Testing GITLAB disaster recovery: what we learned

As we witnessed gitlab.com having a major database incident last February 1st, 2017 I decided to put our backup and recovery processes to the test. This blog describes what we learned.

To be clear: our gitlab instance was not affected by this outage. We chose to self-host gitlab 3 years ago – migrating from a SVN SAAS solution – and have been a very happy camper ever since without any major (unplanned) outages.

TL;DR

It worked but we can improve. Read the section “Lessons learned” at the end of this blog.

Setting the scene

We actually migrated this instance a couple of times: moving to another server and cloud provider, migrating from MySQL to PostgreSQL, moving from a source based installation to the Omnibus package, upgrading the base operating system and so on. To that effect we have had some exposure to recovery, restore and reconfiguration exercises.

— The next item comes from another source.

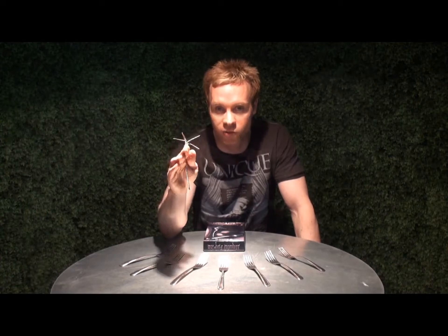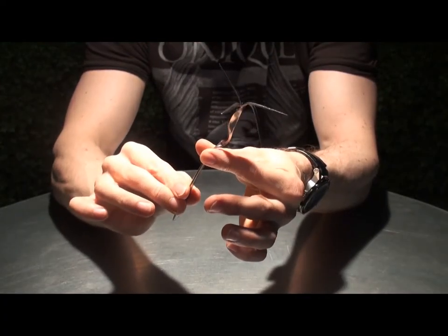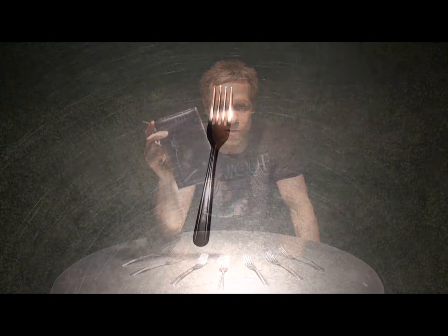What we've done is actually produce the perfect fork. It's very easy to affect the tying bend and of course Banachek's twist. They're sold in packs of 50 and available now from either Wizard FX Productions or your favorite magic dealer. These are Liquid Forks.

First I will give an overview of what we have right now and next how we performed the disaster recovery.

Hosting is done on a single public cloud virtual server – at Transip. An Ubuntu 14.04 box with 2 cores, 4G of RAM and 150 GB of SSD storage (single disk). Our instance hosts 425 projects in 60 groups for 94 users.

Our procedures

What backup and/or disaster recovery processes do we have in place already?

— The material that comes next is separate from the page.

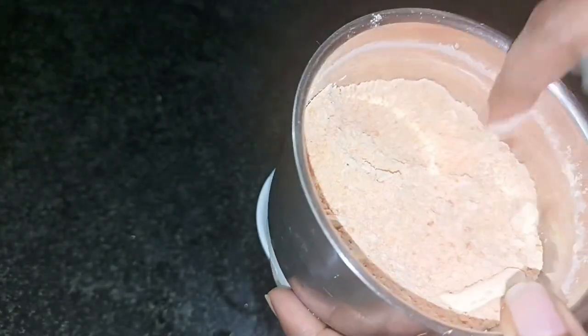This is available in a Kirana store. I am going to show you 250 grams for 25 rupees.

  • Regular VM snapshots with a 4 hour interval. Retention is 48 hours. Fastest way to recover, if the cloud provider is not out of business 😉
  • A manual snapshot which we use for major maintenance cycles. Not up to date and could be 3 months old. Still could be used to recover to a well known state.
  • Daily dumps of the gitlab database and repositories – using the regular gitlab backup tasks. Stored on the server for 4 days. Enables quick restores without accessing off site storage.
  • Weekly dump of that same data plus artefacts, builds and registries.
  • All exports are uploaded to an AWS S3 bucket. Retention is not set at the moment. We could go back years.
  • Both the dumps and important file system mount points are pulled with rsnaphot to another (cloud) server every 4 hours. This data is persisted every day, week and month for about half a year (default rsnapshot configuration). This server also holds other backup data from all of our servers.
  • The rsnapshot data is replicated every 4 hours to redundant storage in a different data center for up to 48 hours. This is just for our piece of mind.

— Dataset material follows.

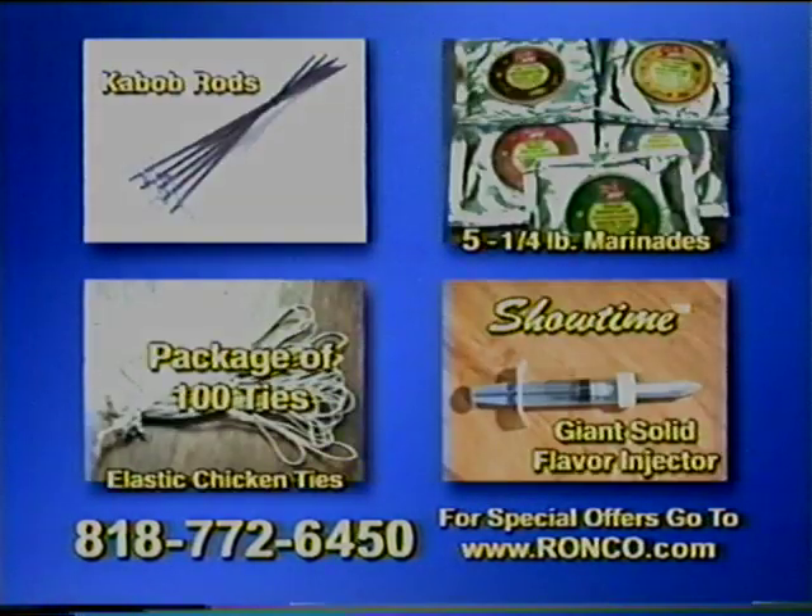All our merchandise is sold with a 30-day 100% money-back guarantee. Thanks for buying my products and thanks for taking the time to watch this video.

As you can see we don’t go easy on redundancy. Adding up all options we store our data at least 5 times in different locations. Should be enough we figure.

Going in disaster recovery mode

For this situation we will assume we lost our virtual server and the provider is unable to recover for some reason. A recovery from scratch using off site sources is the best way to test for the worst possible scenario. The primary goal is to get gitlab up and running with access to our data. Configuration details can be sorted out later.

I created a new virtual server – using another public cloud provider (Digital Ocean) – with nearly identical specifications. First issue was disk space: the standard $40/month model only has a 60 GB disk. Adding a additional block storage of 150 GB (extra $15/month) fixed that. That took about 5 minutes in total to get running.

A quick apt-get update/upgrade brings the system up with the recent patches. I also set the time zone to Europe/Amsterdam. Another 5 minutes in total including some time to make sure we box works as expected.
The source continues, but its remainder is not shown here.